On Monday, fashion brand Mango experienced a technical glitch on their website. Instead of the intended 50% off sale, some items, such as lace panties, were mistakenly advertised for as little as R1.
Customers flooded the e-commerce site once the news broke on social media to take advantage of what they thought was a ridiculously good offer.
Yesterday, Mango sent emails to their customers to inform them that their orders had been cancelled and they would be receiving refunds.
Many customers shared their disappointment on social media and wondered whether the company was still liable to give them the goods they had ordered.

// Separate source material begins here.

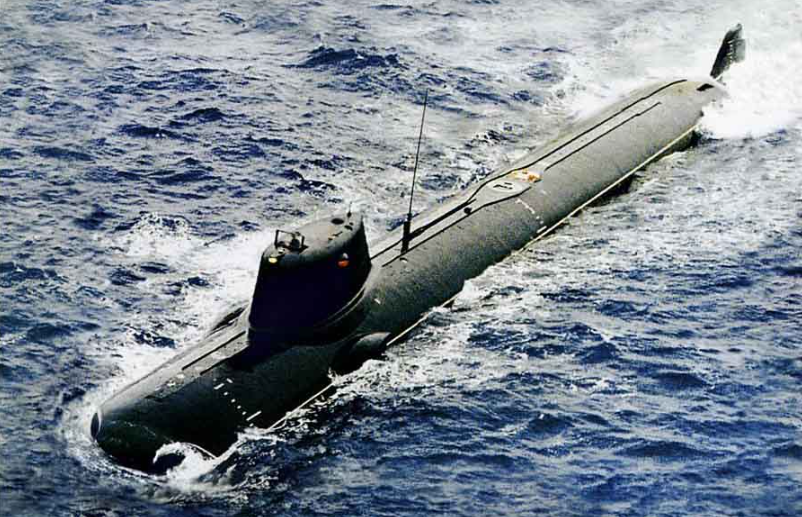 Российская атомная глубоководная станция АС-12 Лошарик. Вполне себе могла провернуть такой финт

Many users pointed out that Mango’s terms and conditions changed after the glitch to include a paragraph on “refusal of order” and said that this shouldn’t apply to the items they bought before the terms and conditions were updated.
We asked cyber law expert, Wilmari Strachan of Werksmans Attorneys, to give us her opinion.

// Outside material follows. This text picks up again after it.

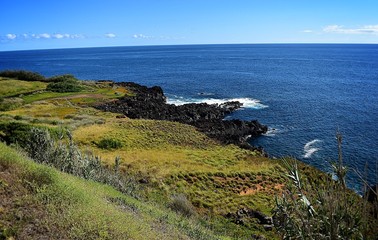 Fototapeta na wymiar Orla marítima da ilha Terceira.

“I looked at s23 of the CPA (Consumer Protection Act) which deals with disclosure of price of goods. Normally this section would dictate that a retailer must sell an item (or sales item) at the displayed or marked price, however, this section does NOT apply to online transactions. Section 23 of the CPA does not apply to a transaction if section 43 of the Electronic Communications and Transactions Act (ECTA) applies.
“ECTA would governs (sic) online transactions. ECTA states, amongst others, that the full price of the goods and any terms of agreement (including return, exchange and refund policy) must be provided to a consumer on its website – this must be provided before the consumer places the order. The terms of the transactions cannot be changed afterwards.
“Notwithstanding the above, the general principles of a sale contract would apply to any online sale contract as well. In other words, offer and acceptance. The question would be, did Mango offer something for sale at a particular price and did the consumer accept that offer (and even paid for it)? If that is the case (an offer was made and accepted) then a binding sale was concluded that cannot be unilaterally cancelled by the seller. The purchaser would be entitled hold the seller to the contract.”
Strachan also says that if the “refusal of order” paragraph had been there when customers made the purchases, then those customers would not really have a claim.
“But since it wasn’t, it looks like they entered into a binding contract with Mango. Their terms mention "The products offered" and " The items offered on this Webpage”… in other words, it’s clear that they made an offer which consumers could accept. Thus, an offer and acceptance took place.”